=== Excerpted data ===

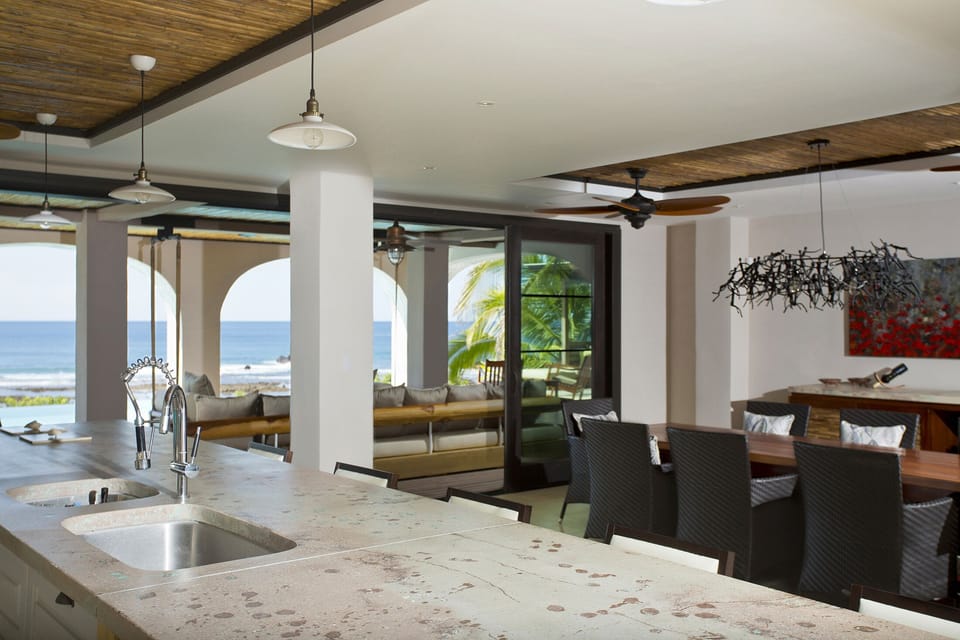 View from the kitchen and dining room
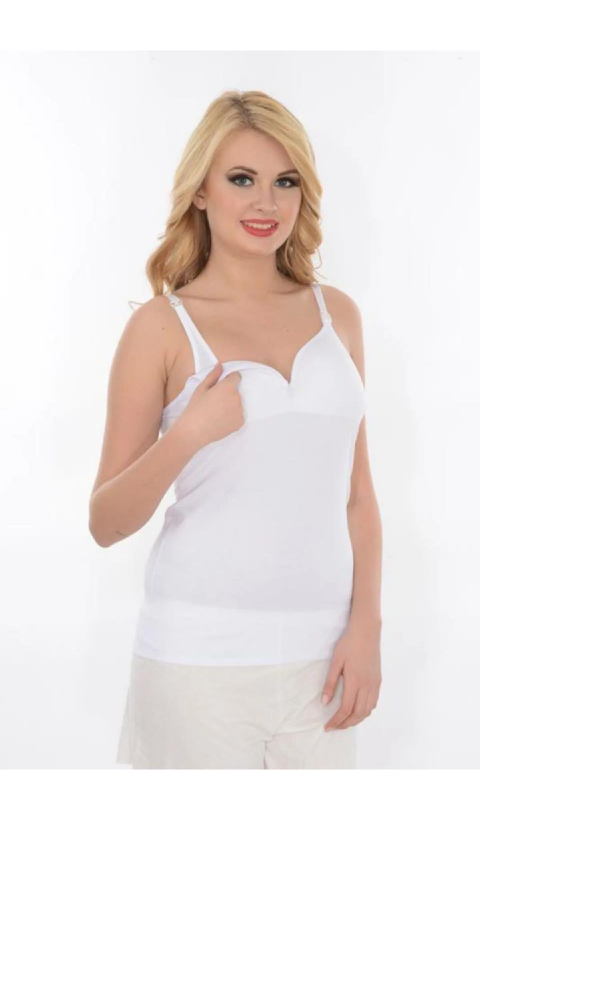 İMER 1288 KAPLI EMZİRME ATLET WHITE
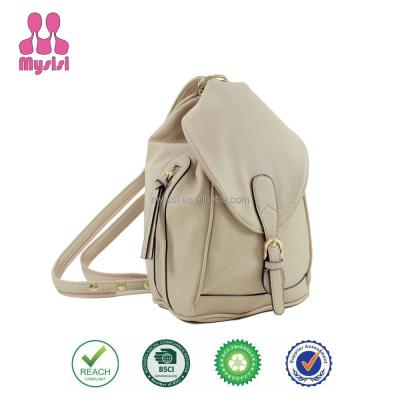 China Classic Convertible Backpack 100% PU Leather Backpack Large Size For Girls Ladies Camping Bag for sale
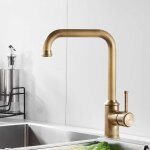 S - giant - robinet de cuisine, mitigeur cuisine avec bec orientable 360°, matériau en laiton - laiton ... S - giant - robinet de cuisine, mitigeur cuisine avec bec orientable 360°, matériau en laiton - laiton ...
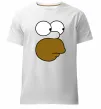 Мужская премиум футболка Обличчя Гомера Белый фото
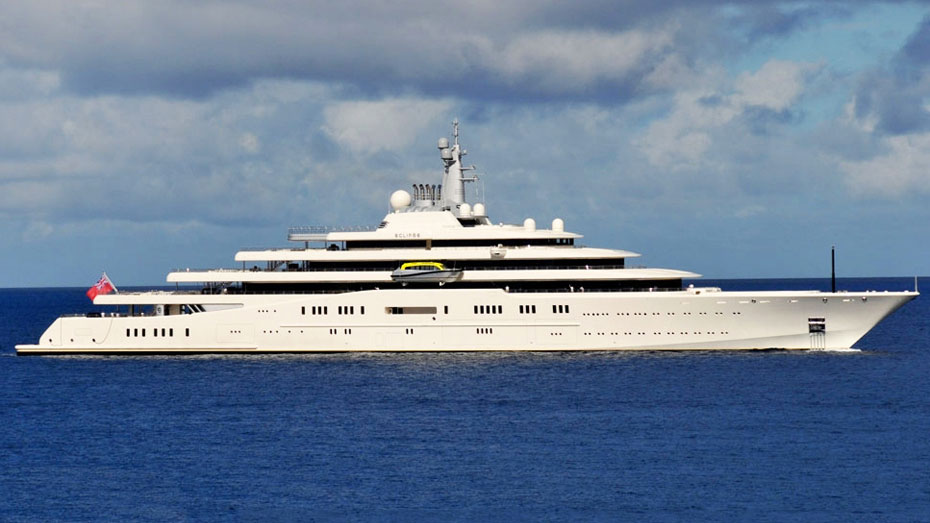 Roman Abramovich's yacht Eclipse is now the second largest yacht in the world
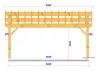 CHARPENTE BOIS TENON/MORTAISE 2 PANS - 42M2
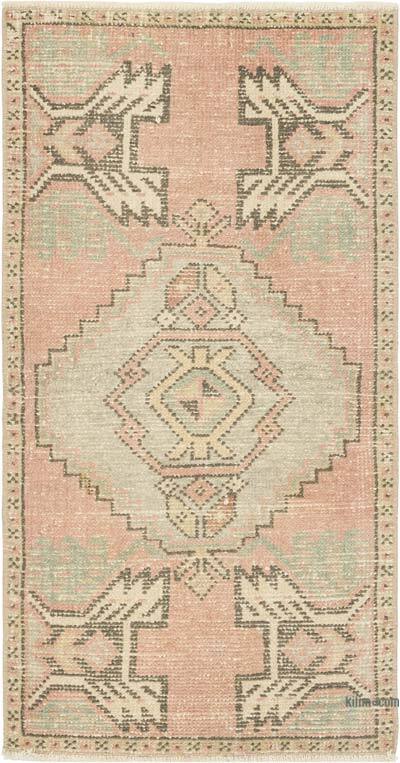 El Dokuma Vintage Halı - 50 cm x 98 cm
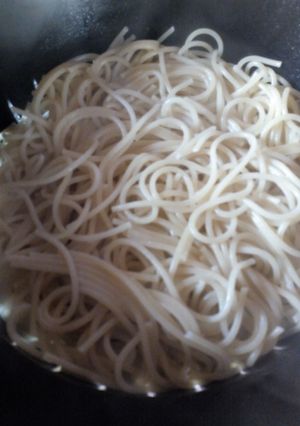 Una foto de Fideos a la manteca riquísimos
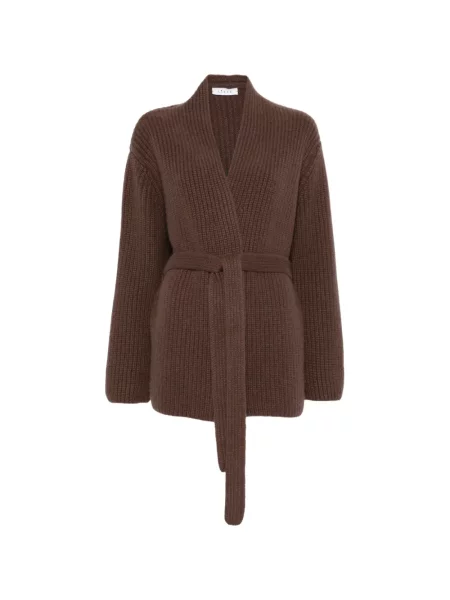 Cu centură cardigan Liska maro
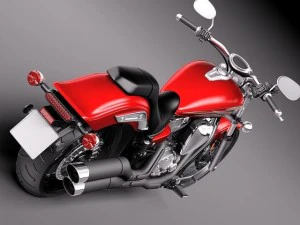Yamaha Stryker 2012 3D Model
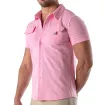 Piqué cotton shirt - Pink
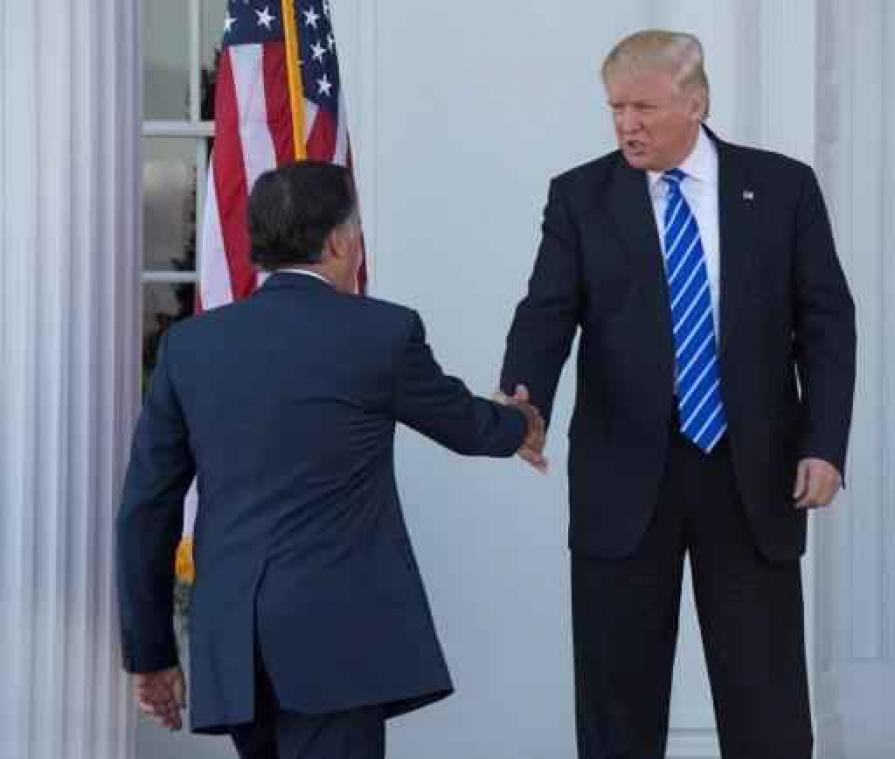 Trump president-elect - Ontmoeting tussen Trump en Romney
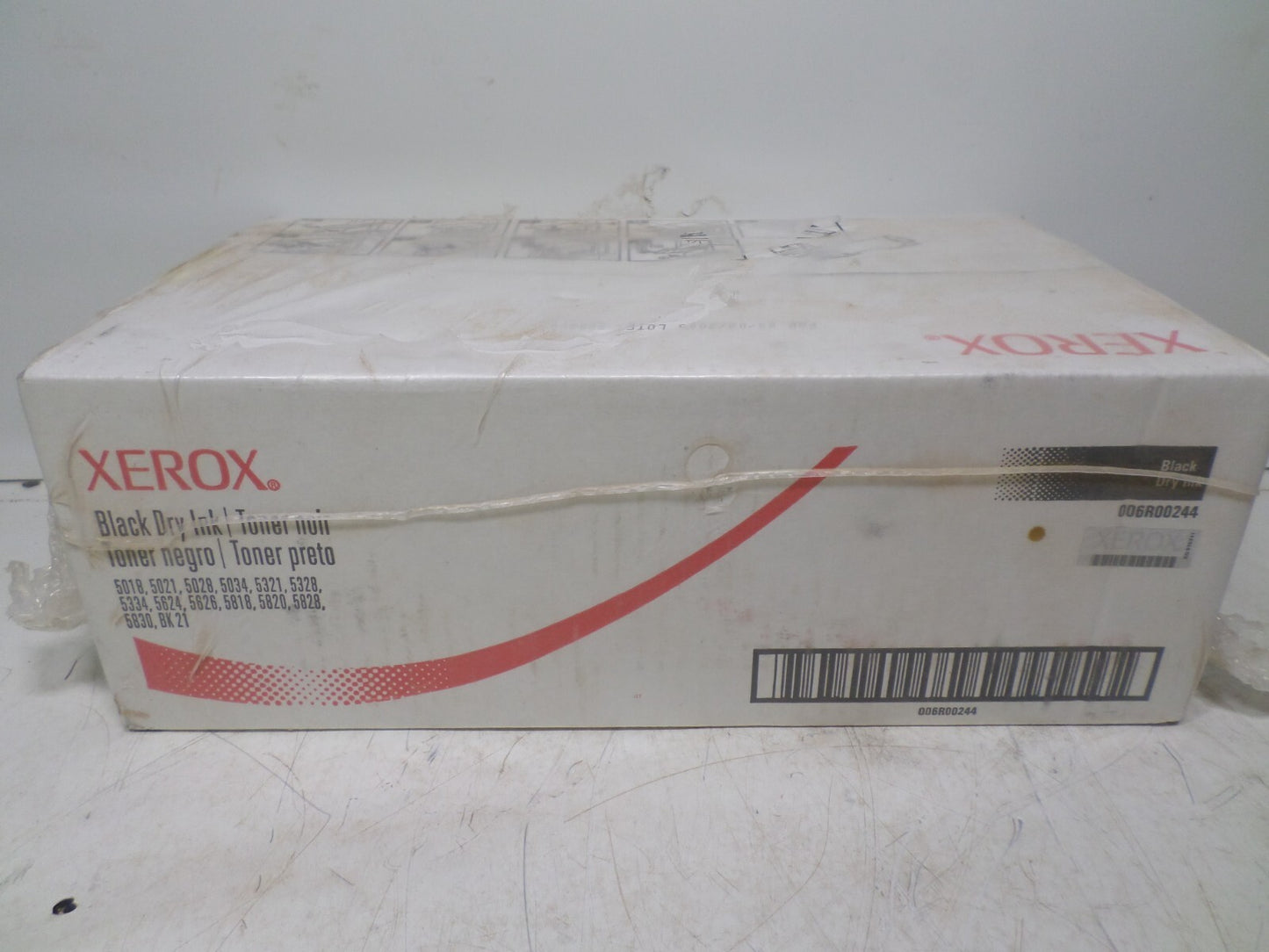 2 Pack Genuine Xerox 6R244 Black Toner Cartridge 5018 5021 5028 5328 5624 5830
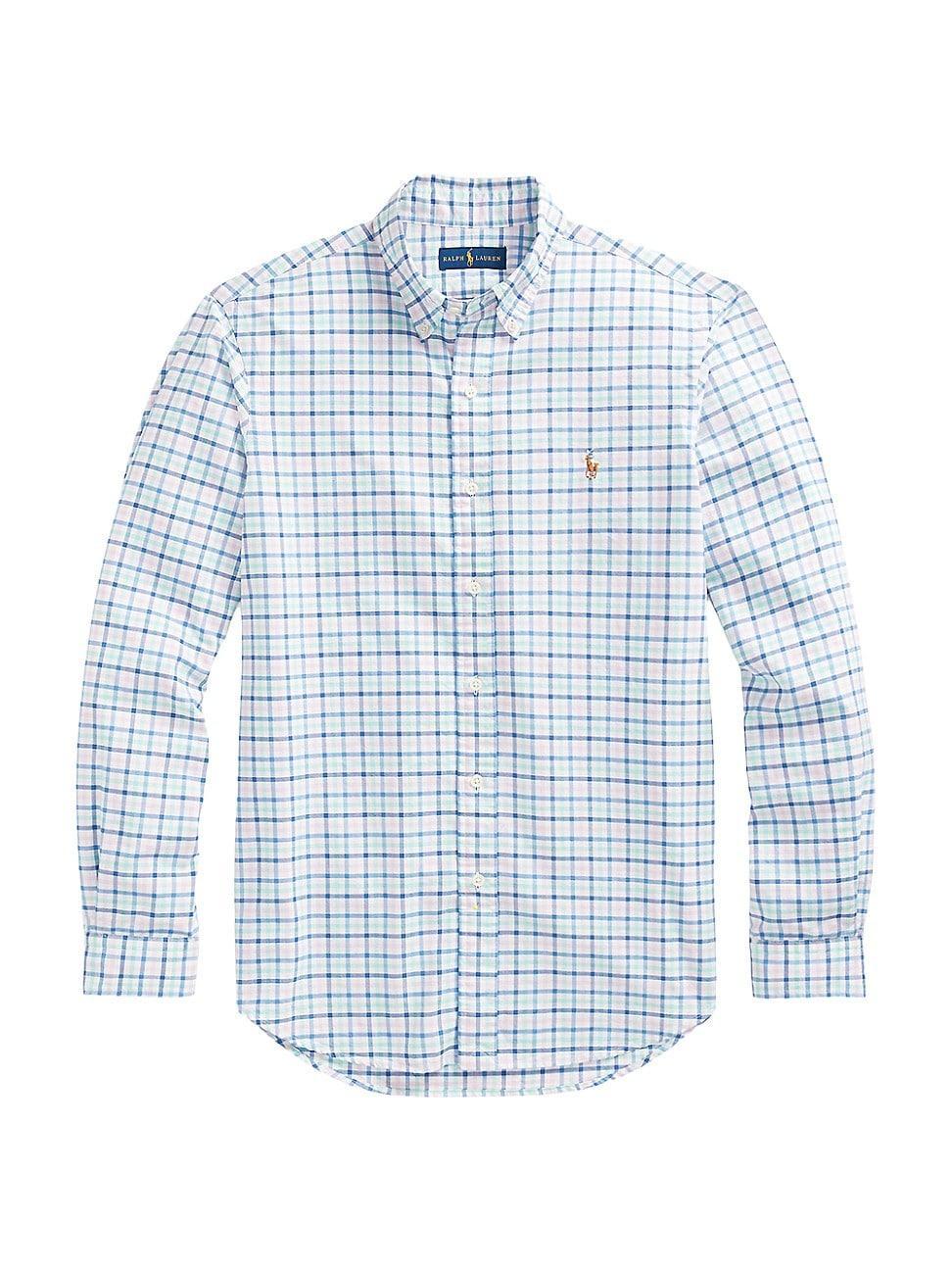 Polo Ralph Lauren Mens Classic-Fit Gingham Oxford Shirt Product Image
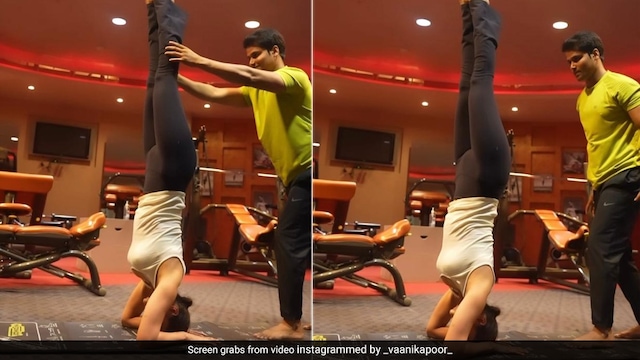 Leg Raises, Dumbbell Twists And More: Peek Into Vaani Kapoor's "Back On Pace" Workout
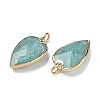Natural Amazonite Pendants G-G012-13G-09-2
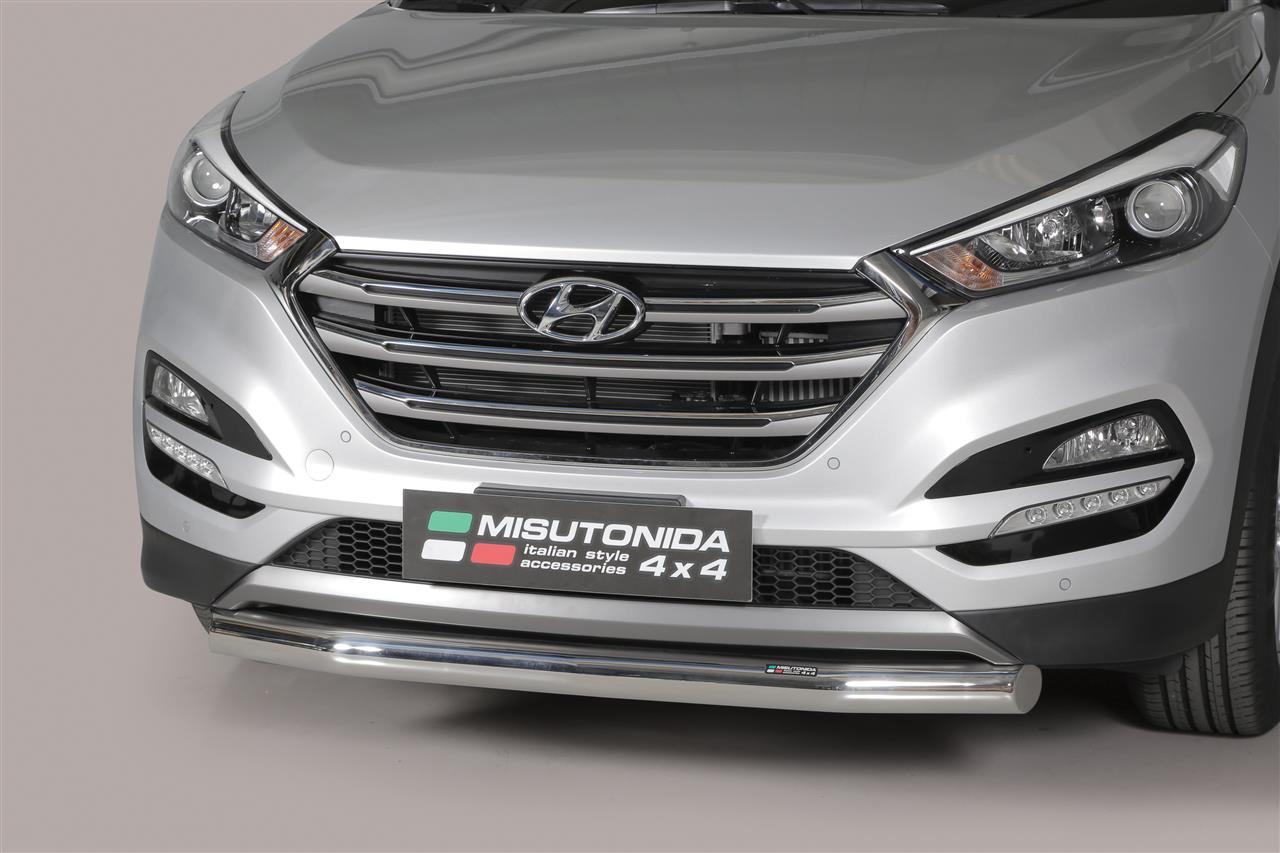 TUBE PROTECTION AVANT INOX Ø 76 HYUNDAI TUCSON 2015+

===

*Task item*: Leaving out the pictures, restate word for word the lines above from the one containing "2 Pack Genuine" through the end of the records, both ends included.

*Response below*:
 2 Pack Genuine Xerox 6R244 Black Toner Cartridge 5018 5021 5028 5328 5624 5830
 Polo Ralph Lauren Mens Classic-Fit Gingham Oxford Shirt Product Image
 Leg Raises, Dumbbell Twists And More: Peek Into Vaani Kapoor's "Back On Pace" Workout
Natural Amazonite Pendants G-G012-13G-09-2
 TUBE PROTECTION AVANT INOX Ø 76 HYUNDAI TUCSON 2015+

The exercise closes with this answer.